== Work request ==
Would you reproduce exactly, and only, the lines starting at the one with "Карина Элитная проститутка" and ending at the last line of the data, with both included? Leave the pictures out.

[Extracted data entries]
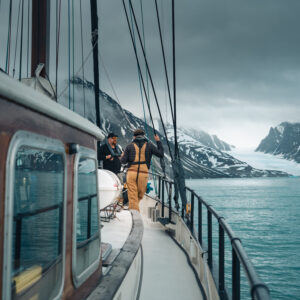 From fjord to fjord and from summit to sea for 5 days aboard saeftinghe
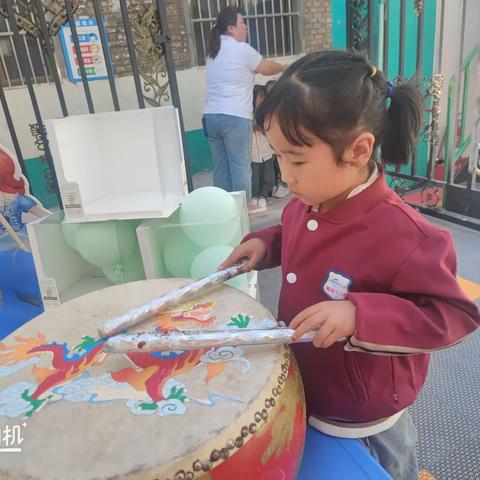 胡娜嘉宝贝成长记录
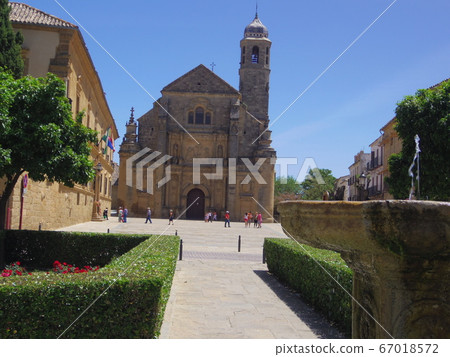 World Heritage Spain Ubeda El Salvador Church Fountain Right World Heritage Spain Ubeda El Salvador Church Fountain Right 67018572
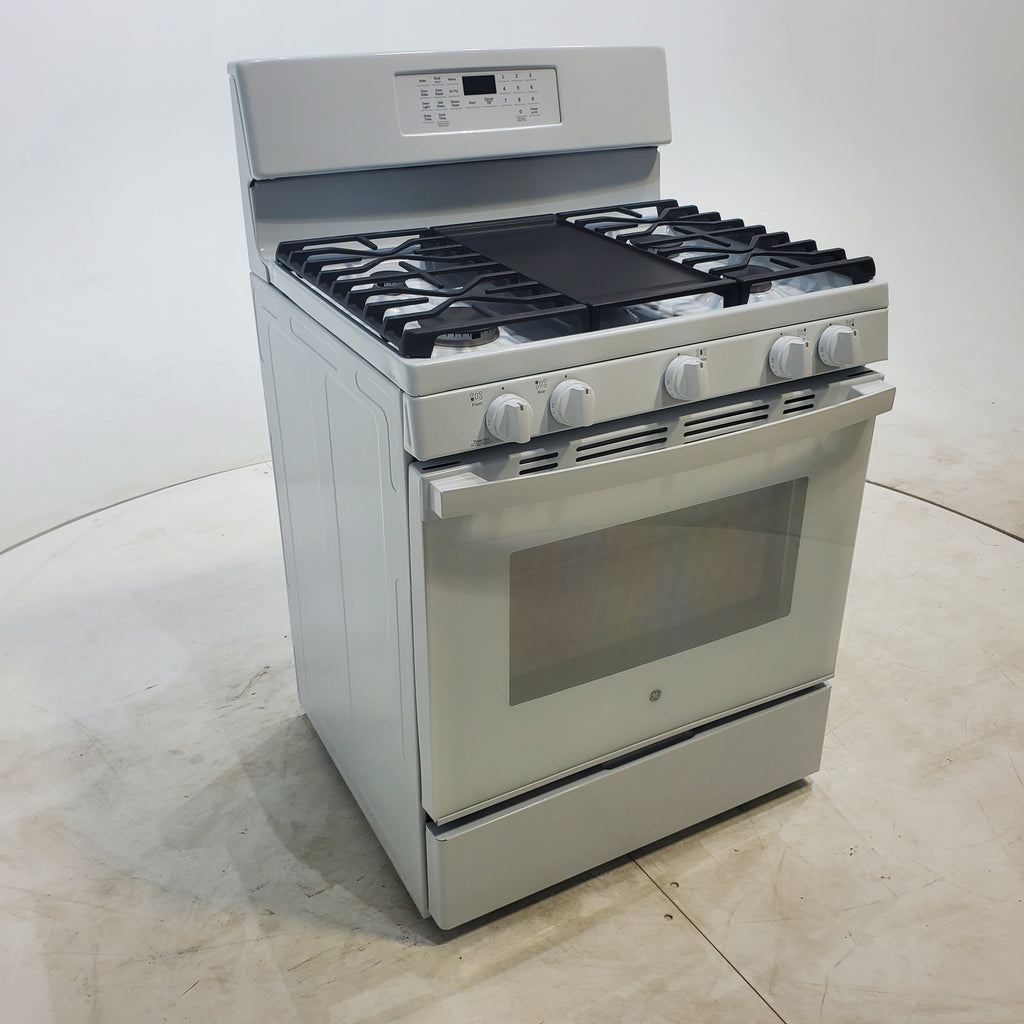 Pictures of White GE 5.0 cu. ft. 5 Burner Freestanding Gas Range with No Preheat Air Fry - Scratch & Dent - Minor - Neu Appliance Outlet - Discount Appliance Outlet in Austin, Tx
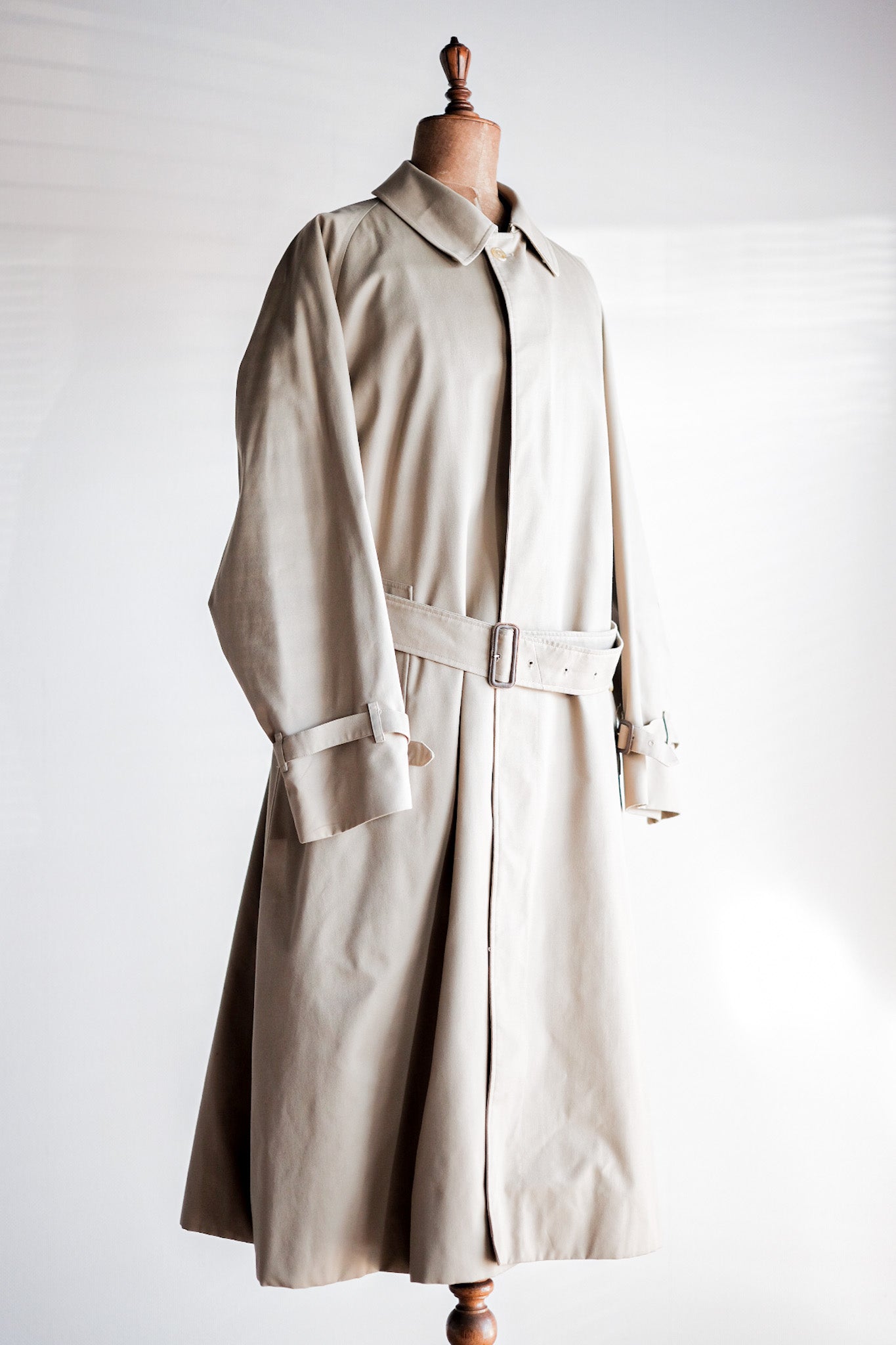 【~80's】Vintage Burberry's Single Raglan Rider Coat Size.52RL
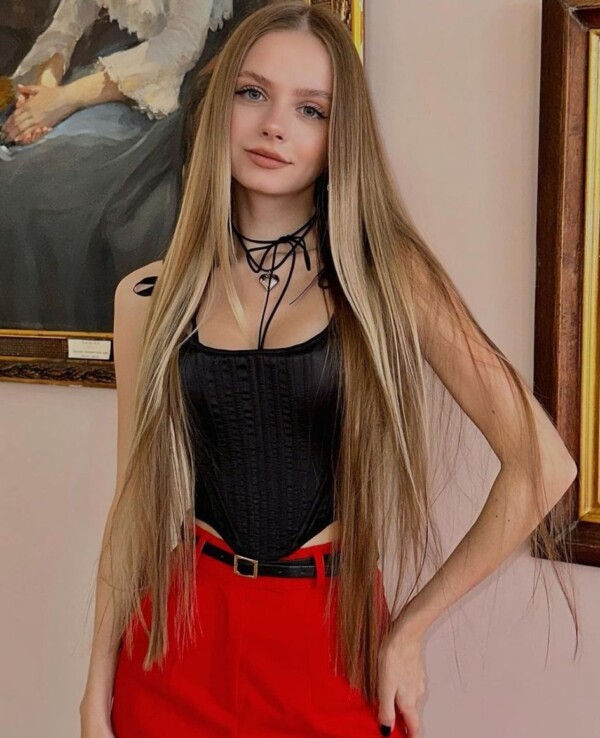 Карина Элитная проститутка Минска — 22 года, грудь 2 размера, рост 169, вес 52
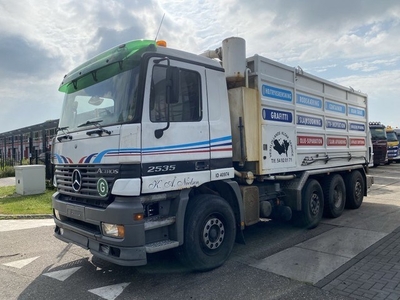 Mercedes-Benz Actros 2535 8X2 + VACUUM CLEANER - 5000 LITER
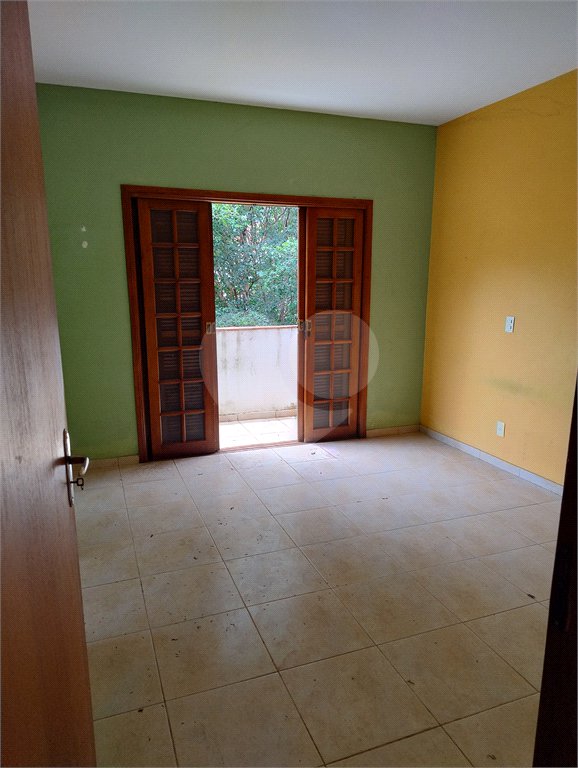 Excelente sobrado para venda no residencial Parati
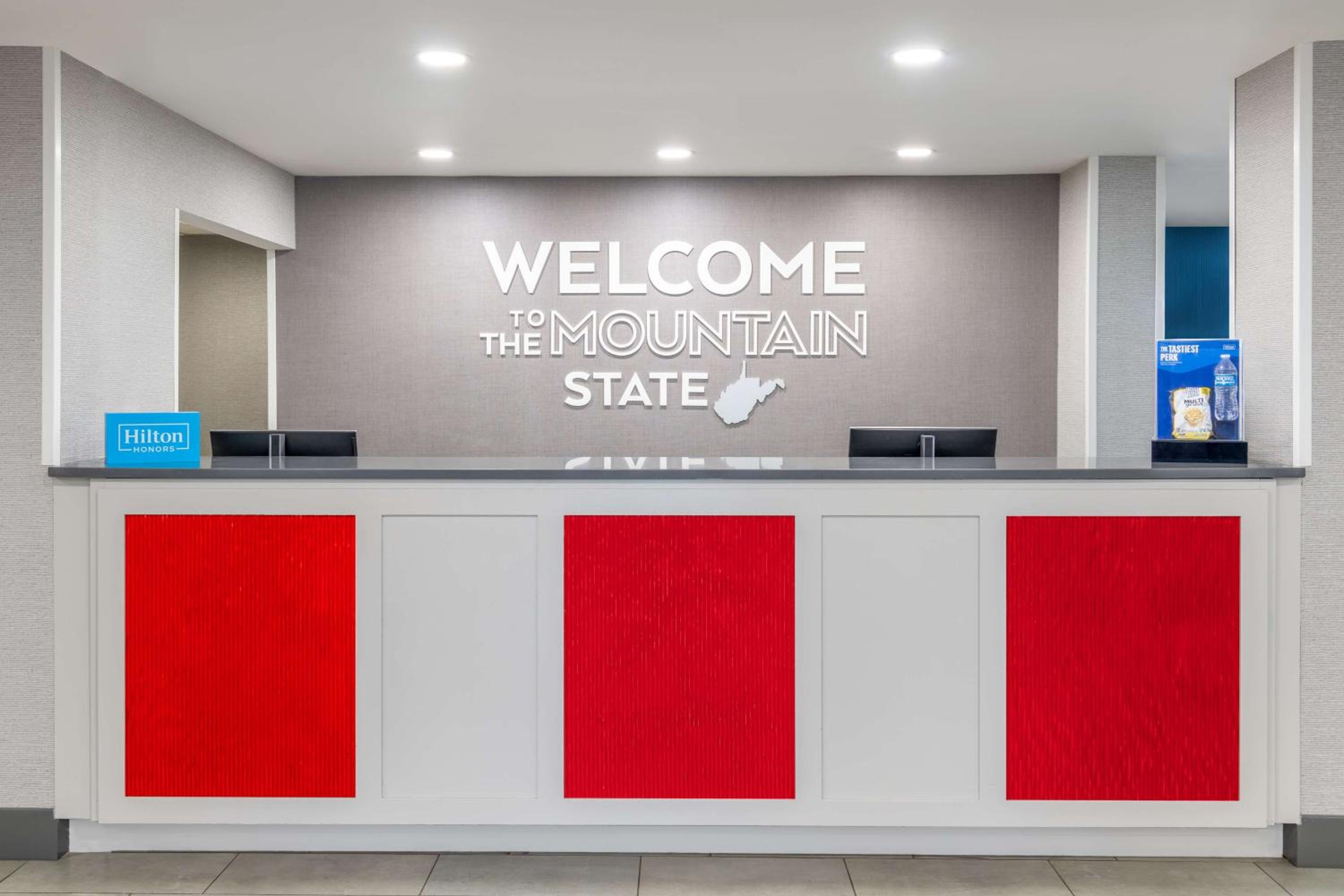 Martinsburg Vacations - Hampton Inn Martinsburg - Property Image 27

== Completed exercise ==
 Карина Элитная проститутка Минска — 22 года, грудь 2 размера, рост 169, вес 52
 Mercedes-Benz Actros 2535 8X2 + VACUUM CLEANER - 5000 LITER
 Excelente sobrado para venda no residencial Parati
 Martinsburg Vacations - Hampton Inn Martinsburg - Property Image 27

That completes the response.